**** INPUT ****

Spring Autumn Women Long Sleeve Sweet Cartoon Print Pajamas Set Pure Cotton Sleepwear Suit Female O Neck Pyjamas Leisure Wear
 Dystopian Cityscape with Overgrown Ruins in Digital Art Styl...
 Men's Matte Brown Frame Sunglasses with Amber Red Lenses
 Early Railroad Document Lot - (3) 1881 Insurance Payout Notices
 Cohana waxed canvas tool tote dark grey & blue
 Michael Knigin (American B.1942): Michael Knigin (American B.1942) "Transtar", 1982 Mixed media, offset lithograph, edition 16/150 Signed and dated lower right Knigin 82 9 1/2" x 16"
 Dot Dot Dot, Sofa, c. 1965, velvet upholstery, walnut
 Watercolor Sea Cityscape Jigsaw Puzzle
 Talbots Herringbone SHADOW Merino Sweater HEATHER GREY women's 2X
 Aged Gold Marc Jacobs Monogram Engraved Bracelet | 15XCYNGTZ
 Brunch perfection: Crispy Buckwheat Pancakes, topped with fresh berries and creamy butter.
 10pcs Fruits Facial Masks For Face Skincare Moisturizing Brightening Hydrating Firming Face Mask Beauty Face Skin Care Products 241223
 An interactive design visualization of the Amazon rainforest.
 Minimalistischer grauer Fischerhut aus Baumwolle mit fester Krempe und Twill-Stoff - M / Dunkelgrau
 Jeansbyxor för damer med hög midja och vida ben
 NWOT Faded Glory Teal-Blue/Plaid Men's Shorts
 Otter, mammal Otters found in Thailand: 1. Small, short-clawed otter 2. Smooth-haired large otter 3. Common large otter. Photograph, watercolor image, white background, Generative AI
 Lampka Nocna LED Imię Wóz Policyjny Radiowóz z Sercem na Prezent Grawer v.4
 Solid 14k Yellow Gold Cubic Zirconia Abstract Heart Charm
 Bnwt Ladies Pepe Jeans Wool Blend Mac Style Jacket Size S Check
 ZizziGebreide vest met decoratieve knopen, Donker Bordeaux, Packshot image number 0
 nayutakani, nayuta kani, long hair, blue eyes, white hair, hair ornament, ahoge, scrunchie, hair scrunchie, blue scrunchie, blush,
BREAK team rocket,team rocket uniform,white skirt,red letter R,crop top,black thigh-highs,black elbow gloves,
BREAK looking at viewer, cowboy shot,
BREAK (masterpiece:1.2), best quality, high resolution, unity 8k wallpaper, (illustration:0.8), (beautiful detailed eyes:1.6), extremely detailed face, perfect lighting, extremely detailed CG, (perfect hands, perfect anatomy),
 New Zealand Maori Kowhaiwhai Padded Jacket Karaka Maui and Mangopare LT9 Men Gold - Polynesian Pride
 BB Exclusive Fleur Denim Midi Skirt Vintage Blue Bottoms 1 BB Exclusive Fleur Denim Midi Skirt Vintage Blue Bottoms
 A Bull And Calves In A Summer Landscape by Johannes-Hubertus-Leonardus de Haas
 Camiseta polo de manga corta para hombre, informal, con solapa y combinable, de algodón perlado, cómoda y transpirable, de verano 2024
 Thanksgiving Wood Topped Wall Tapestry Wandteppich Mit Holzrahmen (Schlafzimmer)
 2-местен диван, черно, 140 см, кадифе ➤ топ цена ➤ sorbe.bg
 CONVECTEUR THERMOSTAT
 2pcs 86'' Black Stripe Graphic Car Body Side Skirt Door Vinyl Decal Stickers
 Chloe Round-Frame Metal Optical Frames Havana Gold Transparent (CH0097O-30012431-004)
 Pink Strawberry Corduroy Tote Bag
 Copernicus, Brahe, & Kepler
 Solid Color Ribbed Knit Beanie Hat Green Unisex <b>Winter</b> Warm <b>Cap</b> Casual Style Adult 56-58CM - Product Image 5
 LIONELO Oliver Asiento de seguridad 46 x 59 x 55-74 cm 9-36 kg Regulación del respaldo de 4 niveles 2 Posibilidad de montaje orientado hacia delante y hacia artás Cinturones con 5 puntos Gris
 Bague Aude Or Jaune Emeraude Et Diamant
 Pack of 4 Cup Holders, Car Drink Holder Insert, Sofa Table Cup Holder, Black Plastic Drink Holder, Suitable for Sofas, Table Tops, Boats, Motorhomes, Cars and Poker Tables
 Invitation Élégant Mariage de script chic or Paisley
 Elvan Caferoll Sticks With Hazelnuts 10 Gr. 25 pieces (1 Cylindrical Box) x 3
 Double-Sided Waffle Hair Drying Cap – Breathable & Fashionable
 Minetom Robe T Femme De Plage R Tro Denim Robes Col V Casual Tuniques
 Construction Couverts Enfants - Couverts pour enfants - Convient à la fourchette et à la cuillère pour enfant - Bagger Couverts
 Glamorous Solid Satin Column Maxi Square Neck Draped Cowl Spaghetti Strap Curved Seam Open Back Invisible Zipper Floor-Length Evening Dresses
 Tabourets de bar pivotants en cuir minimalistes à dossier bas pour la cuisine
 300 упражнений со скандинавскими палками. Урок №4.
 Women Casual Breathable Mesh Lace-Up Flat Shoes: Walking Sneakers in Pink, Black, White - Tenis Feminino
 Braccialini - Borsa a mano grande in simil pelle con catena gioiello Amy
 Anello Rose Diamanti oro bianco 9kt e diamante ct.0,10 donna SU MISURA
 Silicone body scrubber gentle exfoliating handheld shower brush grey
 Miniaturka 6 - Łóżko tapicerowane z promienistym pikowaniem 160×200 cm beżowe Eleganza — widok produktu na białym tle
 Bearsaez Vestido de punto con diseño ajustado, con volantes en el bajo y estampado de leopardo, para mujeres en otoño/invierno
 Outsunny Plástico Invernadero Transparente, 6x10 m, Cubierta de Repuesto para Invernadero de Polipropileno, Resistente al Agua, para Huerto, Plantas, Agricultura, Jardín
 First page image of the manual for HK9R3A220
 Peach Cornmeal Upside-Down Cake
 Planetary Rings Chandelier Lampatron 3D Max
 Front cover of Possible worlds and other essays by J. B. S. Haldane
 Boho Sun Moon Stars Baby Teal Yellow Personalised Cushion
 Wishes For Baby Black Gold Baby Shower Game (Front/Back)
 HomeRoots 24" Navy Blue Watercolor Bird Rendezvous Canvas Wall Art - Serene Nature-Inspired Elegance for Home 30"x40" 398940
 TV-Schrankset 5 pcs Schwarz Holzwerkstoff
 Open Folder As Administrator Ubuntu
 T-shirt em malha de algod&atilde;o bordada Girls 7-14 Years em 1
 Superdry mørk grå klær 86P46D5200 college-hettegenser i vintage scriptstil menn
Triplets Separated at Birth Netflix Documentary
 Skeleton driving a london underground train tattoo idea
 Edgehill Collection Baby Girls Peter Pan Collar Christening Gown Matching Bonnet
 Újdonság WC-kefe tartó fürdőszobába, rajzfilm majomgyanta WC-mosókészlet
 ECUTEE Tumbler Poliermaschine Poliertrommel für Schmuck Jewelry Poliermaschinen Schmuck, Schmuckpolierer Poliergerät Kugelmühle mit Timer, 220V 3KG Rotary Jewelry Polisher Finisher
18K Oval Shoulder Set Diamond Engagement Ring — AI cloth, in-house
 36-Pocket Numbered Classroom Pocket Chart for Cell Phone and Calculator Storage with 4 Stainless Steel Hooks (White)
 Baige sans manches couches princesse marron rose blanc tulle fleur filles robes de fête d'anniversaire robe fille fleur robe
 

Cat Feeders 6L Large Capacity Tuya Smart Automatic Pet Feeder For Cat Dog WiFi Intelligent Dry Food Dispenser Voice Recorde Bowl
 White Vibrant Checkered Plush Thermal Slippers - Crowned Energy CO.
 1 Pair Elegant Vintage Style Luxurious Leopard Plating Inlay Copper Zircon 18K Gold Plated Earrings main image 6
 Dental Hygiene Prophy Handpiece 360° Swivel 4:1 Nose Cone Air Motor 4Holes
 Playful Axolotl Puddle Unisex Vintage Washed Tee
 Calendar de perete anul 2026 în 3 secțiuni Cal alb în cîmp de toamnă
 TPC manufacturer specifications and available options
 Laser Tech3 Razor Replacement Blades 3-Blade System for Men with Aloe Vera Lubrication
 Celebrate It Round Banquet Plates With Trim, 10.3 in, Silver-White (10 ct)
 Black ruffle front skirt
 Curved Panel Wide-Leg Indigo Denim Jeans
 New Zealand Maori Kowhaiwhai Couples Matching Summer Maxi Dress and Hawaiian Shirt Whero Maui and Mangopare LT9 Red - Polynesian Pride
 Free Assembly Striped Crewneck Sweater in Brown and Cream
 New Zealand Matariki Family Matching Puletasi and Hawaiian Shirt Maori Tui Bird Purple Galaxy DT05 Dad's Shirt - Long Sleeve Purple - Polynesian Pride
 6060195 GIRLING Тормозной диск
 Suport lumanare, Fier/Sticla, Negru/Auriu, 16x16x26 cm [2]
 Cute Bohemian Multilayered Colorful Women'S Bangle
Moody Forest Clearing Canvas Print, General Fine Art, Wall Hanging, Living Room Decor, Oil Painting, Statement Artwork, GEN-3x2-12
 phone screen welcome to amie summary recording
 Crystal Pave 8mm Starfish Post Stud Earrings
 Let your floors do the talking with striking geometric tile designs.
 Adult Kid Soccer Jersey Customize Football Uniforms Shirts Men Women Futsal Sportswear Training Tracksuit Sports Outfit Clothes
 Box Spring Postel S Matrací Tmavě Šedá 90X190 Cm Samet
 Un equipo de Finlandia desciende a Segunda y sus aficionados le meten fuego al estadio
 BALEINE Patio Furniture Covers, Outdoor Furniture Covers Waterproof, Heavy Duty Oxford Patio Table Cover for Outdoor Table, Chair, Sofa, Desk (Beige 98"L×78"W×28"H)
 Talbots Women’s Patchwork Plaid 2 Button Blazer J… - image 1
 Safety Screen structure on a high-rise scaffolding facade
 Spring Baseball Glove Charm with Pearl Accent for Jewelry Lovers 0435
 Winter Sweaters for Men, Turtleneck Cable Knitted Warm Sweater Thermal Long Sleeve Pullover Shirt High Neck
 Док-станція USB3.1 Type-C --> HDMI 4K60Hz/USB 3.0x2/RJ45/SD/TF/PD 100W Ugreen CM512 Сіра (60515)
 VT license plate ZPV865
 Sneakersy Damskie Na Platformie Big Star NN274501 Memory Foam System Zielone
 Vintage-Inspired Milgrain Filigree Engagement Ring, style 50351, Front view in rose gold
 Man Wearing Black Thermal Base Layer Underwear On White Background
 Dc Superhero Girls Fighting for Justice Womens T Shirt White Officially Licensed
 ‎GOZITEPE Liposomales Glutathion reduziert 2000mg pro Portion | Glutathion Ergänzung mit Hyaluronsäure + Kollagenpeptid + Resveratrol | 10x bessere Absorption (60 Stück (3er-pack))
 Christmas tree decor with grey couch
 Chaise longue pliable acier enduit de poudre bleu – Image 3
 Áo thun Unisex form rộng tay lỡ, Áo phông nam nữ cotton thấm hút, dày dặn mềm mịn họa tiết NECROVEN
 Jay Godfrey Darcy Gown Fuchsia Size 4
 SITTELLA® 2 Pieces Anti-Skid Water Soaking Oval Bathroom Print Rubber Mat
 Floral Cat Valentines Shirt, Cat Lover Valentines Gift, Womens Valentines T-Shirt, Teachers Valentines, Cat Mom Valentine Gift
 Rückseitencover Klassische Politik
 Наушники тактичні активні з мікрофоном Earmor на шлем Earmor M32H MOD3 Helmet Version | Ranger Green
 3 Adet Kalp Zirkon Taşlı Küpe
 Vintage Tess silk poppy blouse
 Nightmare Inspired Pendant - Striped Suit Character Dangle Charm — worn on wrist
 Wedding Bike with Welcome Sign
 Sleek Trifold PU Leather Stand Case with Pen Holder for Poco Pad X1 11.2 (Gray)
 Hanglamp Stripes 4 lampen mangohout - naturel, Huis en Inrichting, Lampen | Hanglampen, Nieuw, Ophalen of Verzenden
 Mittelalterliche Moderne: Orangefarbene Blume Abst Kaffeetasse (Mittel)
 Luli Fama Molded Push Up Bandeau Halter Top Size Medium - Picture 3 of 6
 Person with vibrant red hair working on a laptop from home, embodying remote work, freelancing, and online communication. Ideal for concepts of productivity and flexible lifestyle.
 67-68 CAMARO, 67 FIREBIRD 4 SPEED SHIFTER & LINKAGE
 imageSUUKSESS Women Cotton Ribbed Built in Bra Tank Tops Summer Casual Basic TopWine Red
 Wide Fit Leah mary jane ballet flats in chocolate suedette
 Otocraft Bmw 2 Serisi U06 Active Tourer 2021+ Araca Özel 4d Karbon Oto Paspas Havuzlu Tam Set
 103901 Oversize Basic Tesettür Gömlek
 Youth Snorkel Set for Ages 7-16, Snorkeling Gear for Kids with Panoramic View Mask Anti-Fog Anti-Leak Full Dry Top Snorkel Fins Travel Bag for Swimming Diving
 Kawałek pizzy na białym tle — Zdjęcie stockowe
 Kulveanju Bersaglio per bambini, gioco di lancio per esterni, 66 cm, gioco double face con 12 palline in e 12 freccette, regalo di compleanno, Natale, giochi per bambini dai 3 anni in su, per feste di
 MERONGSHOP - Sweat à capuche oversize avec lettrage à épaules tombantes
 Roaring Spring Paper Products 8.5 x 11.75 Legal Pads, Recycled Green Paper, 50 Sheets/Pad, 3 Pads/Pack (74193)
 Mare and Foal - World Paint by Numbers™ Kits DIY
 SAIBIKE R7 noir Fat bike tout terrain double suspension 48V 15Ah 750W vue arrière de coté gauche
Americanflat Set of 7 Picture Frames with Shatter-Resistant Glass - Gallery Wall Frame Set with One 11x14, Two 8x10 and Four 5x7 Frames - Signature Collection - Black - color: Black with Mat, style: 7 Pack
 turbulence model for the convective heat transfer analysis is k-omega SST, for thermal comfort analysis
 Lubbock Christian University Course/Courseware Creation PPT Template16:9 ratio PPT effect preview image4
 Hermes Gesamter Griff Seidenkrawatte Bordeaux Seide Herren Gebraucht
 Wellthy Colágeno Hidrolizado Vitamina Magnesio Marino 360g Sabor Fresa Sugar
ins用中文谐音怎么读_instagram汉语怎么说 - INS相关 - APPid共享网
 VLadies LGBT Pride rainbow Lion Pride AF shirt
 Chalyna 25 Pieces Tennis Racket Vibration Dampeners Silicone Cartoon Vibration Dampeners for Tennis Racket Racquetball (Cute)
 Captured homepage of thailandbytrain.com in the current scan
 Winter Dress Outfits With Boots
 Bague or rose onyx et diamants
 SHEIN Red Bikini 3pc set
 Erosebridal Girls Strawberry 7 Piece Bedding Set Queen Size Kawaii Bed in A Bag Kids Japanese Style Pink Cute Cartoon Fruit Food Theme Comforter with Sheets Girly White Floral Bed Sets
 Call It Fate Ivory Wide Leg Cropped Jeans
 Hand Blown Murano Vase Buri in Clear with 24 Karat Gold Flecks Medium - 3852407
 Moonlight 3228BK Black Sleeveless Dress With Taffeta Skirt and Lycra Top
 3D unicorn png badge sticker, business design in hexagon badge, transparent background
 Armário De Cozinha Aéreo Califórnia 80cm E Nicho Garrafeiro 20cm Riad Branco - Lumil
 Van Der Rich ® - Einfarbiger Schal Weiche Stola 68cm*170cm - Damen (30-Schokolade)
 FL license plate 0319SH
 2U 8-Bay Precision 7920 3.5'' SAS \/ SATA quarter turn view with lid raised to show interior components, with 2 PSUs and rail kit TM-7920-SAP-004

****

● YOUR TASK:
Which lines run from the one holding "Lampka Nocna LED" through the one holding "ZizziGebreide vest met" in the records above? Repeat them exactly, both included, and nothing more.

● SOLUTION FOR THIS EXERCISE:
 Lampka Nocna LED Imię Wóz Policyjny Radiowóz z Sercem na Prezent Grawer v.4
 Solid 14k Yellow Gold Cubic Zirconia Abstract Heart Charm
 Bnwt Ladies Pepe Jeans Wool Blend Mac Style Jacket Size S Check
 ZizziGebreide vest met decoratieve knopen, Donker Bordeaux, Packshot image number 0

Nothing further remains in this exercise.